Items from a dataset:
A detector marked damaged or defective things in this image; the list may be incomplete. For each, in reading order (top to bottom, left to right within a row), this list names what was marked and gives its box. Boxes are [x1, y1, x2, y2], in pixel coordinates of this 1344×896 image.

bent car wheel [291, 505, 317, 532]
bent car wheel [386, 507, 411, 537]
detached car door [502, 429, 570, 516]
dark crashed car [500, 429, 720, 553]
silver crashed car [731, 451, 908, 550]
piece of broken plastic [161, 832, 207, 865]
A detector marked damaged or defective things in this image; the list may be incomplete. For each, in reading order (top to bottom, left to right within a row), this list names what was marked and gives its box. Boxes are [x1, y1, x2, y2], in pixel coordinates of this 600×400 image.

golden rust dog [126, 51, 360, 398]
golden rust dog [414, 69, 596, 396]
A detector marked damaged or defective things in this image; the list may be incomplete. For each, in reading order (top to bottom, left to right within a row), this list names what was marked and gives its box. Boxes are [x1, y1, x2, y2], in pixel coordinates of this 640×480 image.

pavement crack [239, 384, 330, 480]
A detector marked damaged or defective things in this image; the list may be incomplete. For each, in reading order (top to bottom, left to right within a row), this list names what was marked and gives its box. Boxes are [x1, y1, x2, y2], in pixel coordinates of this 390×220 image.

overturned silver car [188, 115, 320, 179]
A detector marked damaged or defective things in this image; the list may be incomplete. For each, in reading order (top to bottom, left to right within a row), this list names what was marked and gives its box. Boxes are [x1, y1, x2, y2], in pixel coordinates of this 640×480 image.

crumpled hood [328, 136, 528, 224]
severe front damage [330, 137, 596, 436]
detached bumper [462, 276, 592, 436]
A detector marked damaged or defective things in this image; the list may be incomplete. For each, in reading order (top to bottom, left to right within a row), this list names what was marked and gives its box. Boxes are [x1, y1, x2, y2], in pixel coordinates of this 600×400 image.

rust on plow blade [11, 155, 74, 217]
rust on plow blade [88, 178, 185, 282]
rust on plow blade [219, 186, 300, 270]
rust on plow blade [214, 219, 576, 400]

Try it:
Return the line that contains "this 390×220 image." along with every line after it through the end of the entries, exactly, adding nothing.

Answer to the problem:
A detector marked damaged or defective things in this image; the list may be incomplete. For each, in reading order (top to bottom, left to right within a row), this list names what was marked and gives its box. Boxes are [x1, y1, x2, y2], in pixel coordinates of this 390×220 image.

overturned silver car [188, 115, 320, 179]
A detector marked damaged or defective things in this image; the list may be incomplete. For each, in reading order (top to bottom, left to right within a row), this list names what was marked and gives its box. Boxes are [x1, y1, x2, y2], in pixel coordinates of this 640×480 image.

crumpled hood [328, 136, 528, 224]
severe front damage [330, 137, 596, 436]
detached bumper [462, 276, 592, 436]
A detector marked damaged or defective things in this image; the list may be incomplete. For each, in reading order (top to bottom, left to right within a row), this list names what was marked and gives its box. Boxes are [x1, y1, x2, y2], in pixel coordinates of this 600×400 image.

rust on plow blade [11, 155, 74, 217]
rust on plow blade [88, 178, 185, 282]
rust on plow blade [219, 186, 300, 270]
rust on plow blade [214, 219, 576, 400]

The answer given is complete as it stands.